#### Source records ####

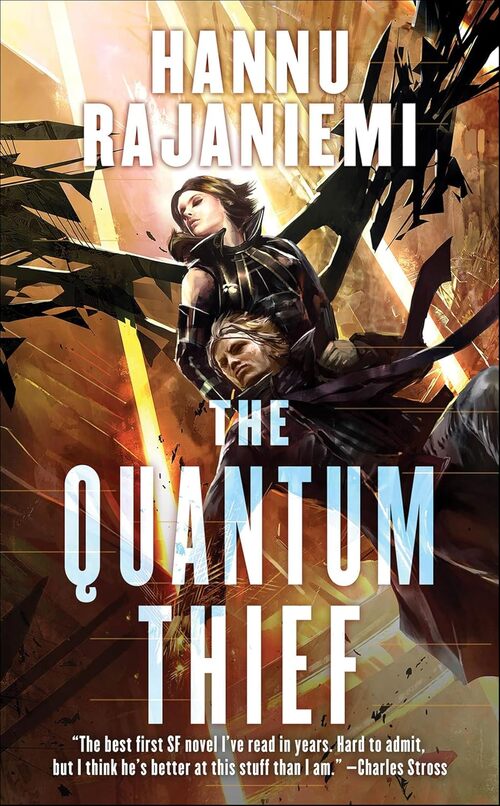 The Quantum Thief by Hannu Rajaniemi
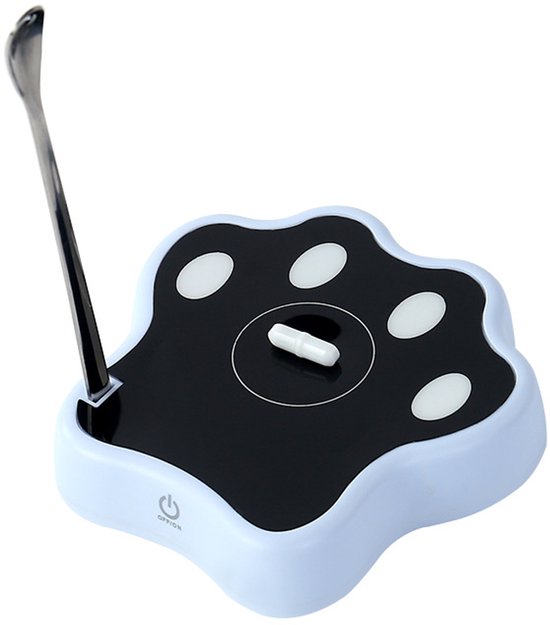 Mmgoqqt 1-Stuk - Slimme Mixer Basis - Draadloze Oplaadbare Automatische Roermachine - Voor Melkpoeder Koffie Dranken - Blauw USB-C van Mmgoqqt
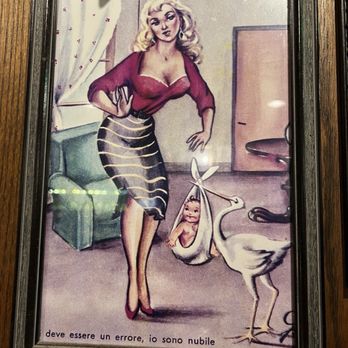 Buca di Beppo Italian Restaurant - Pictures painting by my booth - Italian Near Me - Brea, California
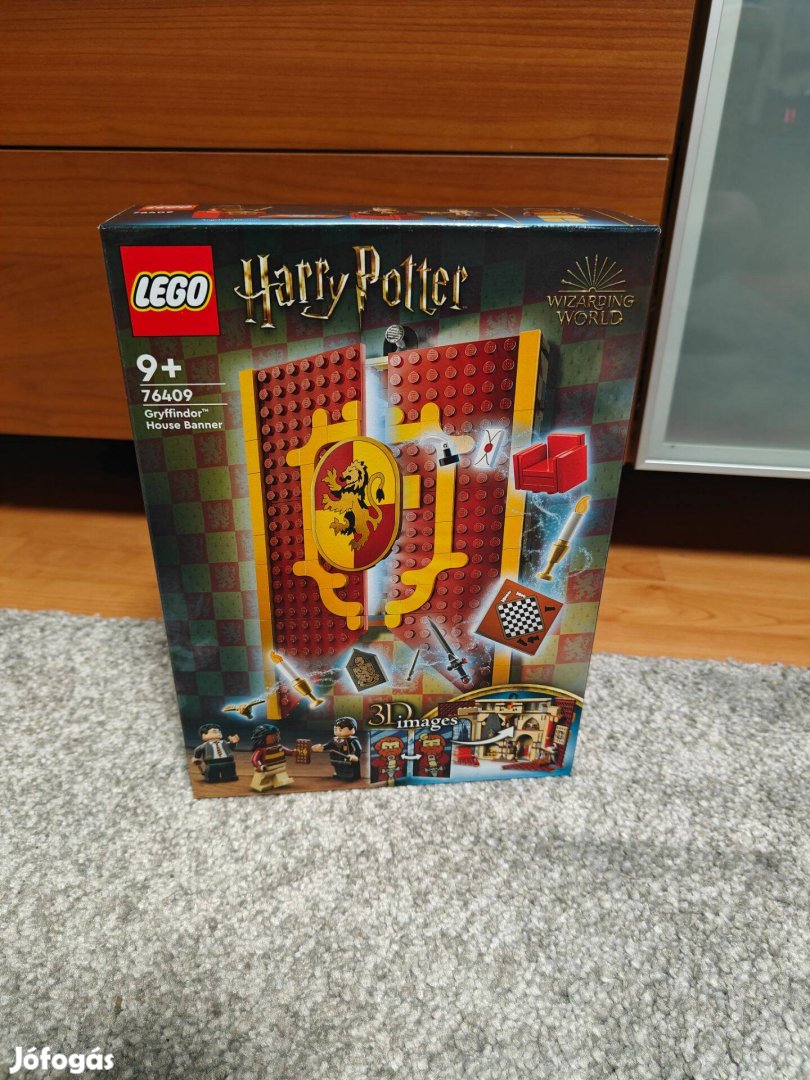 Lego Harry Potter - Gryffindor House Banner 76409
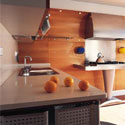 Silestone quartz surface in the kitchen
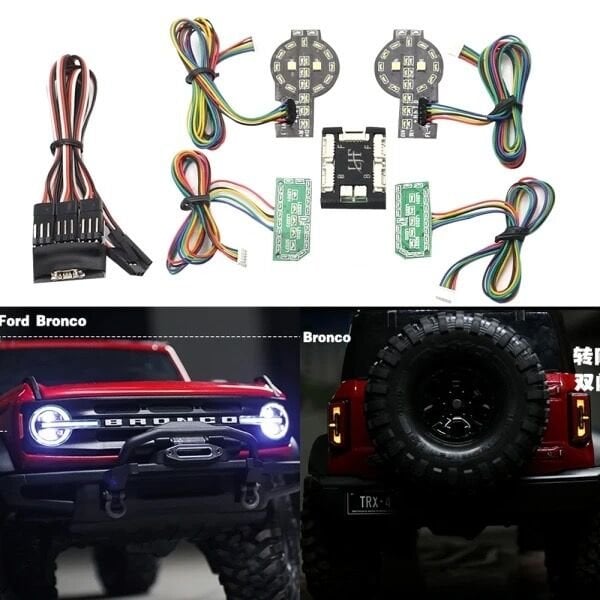 TRX4 1/10 FORD BRONCO 2021 IŞIK KİTİ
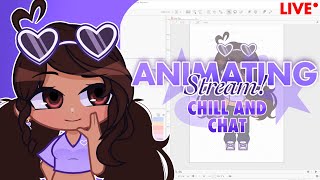 Animating and Chatting Stream!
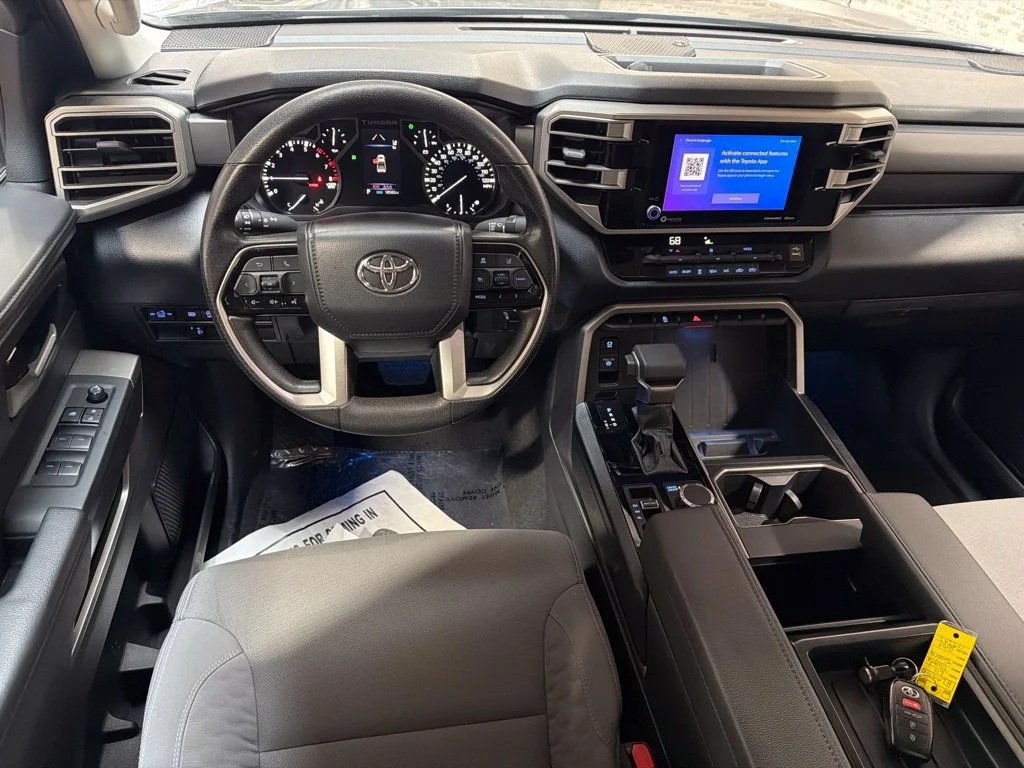 Used 2024 Magnetic Gray Metallic Toyota SR5 image 17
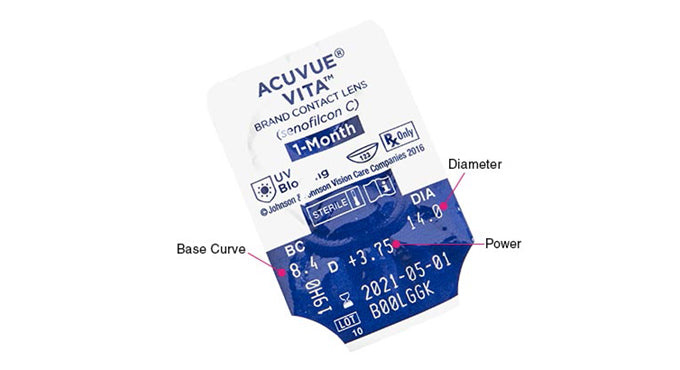 New Acuvue Vita 6 Lens Pack (CHECKOUT CODE: BUY2GET1000OFF) - Getspexy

####

Your task. Transcribe all data precisely. Pictures are not copied.

Response to this task.
 The Quantum Thief by Hannu Rajaniemi
 Mmgoqqt 1-Stuk - Slimme Mixer Basis - Draadloze Oplaadbare Automatische Roermachine - Voor Melkpoeder Koffie Dranken - Blauw USB-C van Mmgoqqt
 Buca di Beppo Italian Restaurant - Pictures painting by my booth - Italian Near Me - Brea, California
 Lego Harry Potter - Gryffindor House Banner 76409
 Silestone quartz surface in the kitchen
 TRX4 1/10 FORD BRONCO 2021 IŞIK KİTİ
 Animating and Chatting Stream!
 Used 2024 Magnetic Gray Metallic Toyota SR5 image 17
 New Acuvue Vita 6 Lens Pack (CHECKOUT CODE: BUY2GET1000OFF) - Getspexy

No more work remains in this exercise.